First place, second place, third place
In 1989, American sociologist Ray Oldenburg published The Great Good Place, a book that gave a name to something most people understood instinctively but had never articulated. He described three categories of place in a person's life: the home (first place), the workplace (second place), and the informal public gathering spaces where people come together voluntarily, without agenda, on neutral ground (third place).

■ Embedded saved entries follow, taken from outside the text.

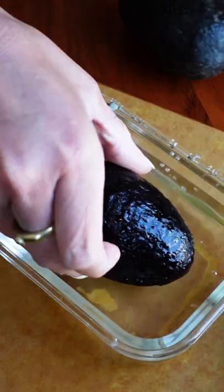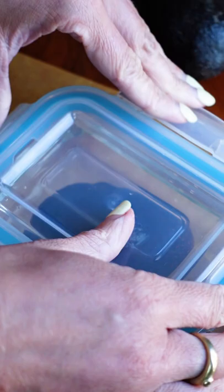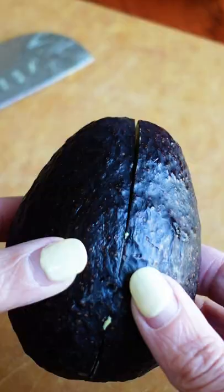If you've seen this trick for storing avocados, don't try it. The FDA warns that any pathogens on the surface of the skin could actually multiply in water. So instead, here are three ways to keep them from browning.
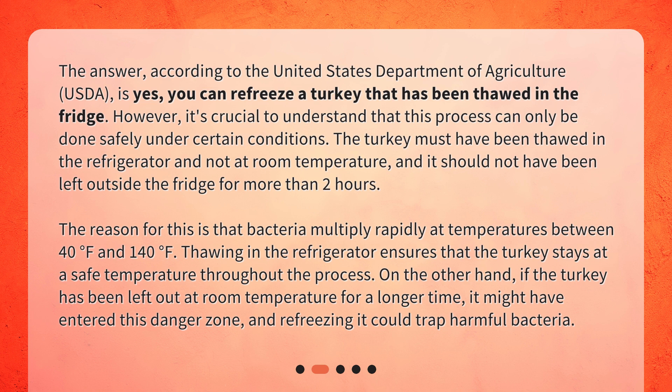The reason for this is that bacteria multiply rapidly at temperatures between 40 degrees Fahrenheit and 140 degrees Fahrenheit. Thawing in the refrigerator ensures that the turkey stays at a safe temperature throughout the process. On the other hand, if the turkey has been left out at room temperature for a longer time, it might have entered this danger zone, and refreezing it could trap harmful bacteria.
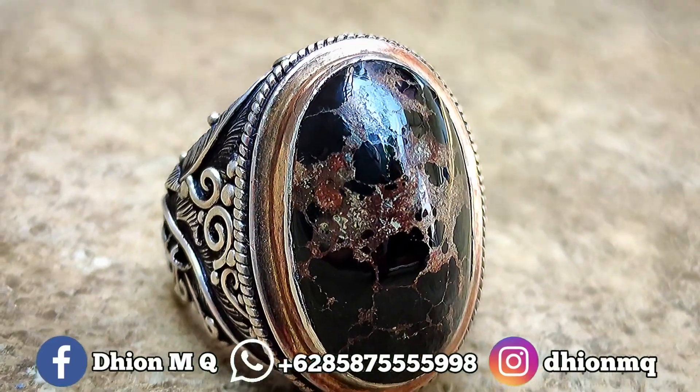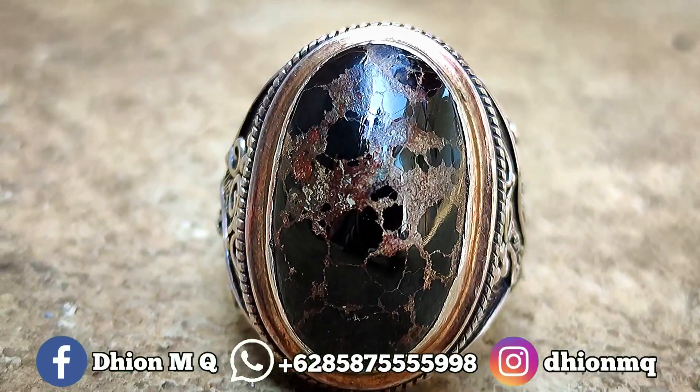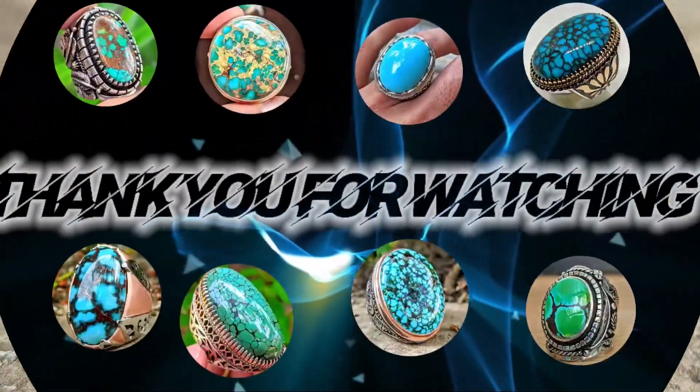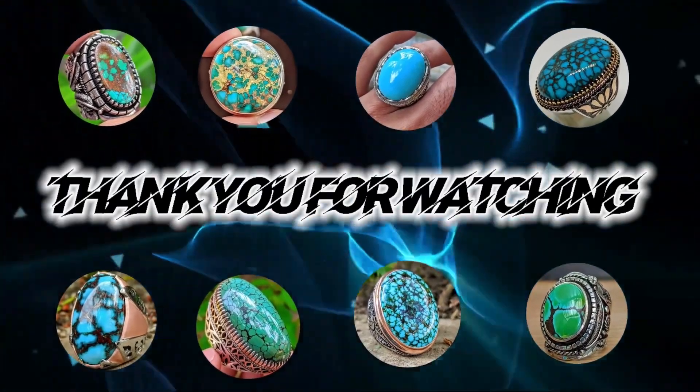Untuk batu virus persia kali ini dimensinya masuk ke medium. Ini kurang lebih panjangnya di kisaran 25 mili, untuk lebarnya kurang lebih di kisaran 15 mili, kemudian untuk tebal atau tingginya ini di kisaran 10 mili. Jadi batunya tebal dan juga jenong.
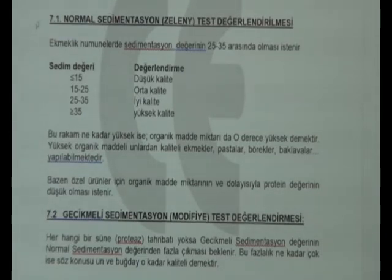Evaluation of sedimentation value: less than 15 is low quality, 15-25 is medium quality, 25-35 is good quality, and more than 35 is perfect quality. The higher the sedimentation value, the higher the organic material. Good quality bread, cake, baklava, etc. is obtained using flour with high organic material. Sometimes low organic material and protein values are desired for some special productions.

Third places are the pubs, cafes, taverns, wine bars, tea houses, beer gardens, and neighbourhood locals where people show up, sit down, and talk. Oldenburg identified their defining characteristics: they are accessible, affordable, socially levelling, and anchored by conversation. Status matters less than presence. Regulars create a micro-culture. Newcomers can ease in simply by becoming familiar faces.
Oldenburg's observation was not nostalgic. It was structural. He argued that third places are the foundation of civic life, the soil from which community organisations, political movements, friendships, and even democracies grow. As he wrote, free assembly does not begin with formally organised associations. It begins in the informal gathering places where people first encounter each other across the barriers of social difference. The colonial tavern. The Viennese coffee house. The English pub. The French cafe. The German Biergarten. The Japanese izakaya.
The pattern is universal. In every civilisation, at every point in recorded history, shared drinking has served as a social technology for building human connection.
The disappearance
That infrastructure is now in serious decline.
In England and Wales, the number of pubs fell below 39,000 in 2024, the first time it dropped beneath that threshold in modern record-keeping. An average of 80 pubs close every month. The pressures are well documented: rising energy costs, increased staff wages, commercial rent inflation, and footfall that has never fully recovered since the pandemic.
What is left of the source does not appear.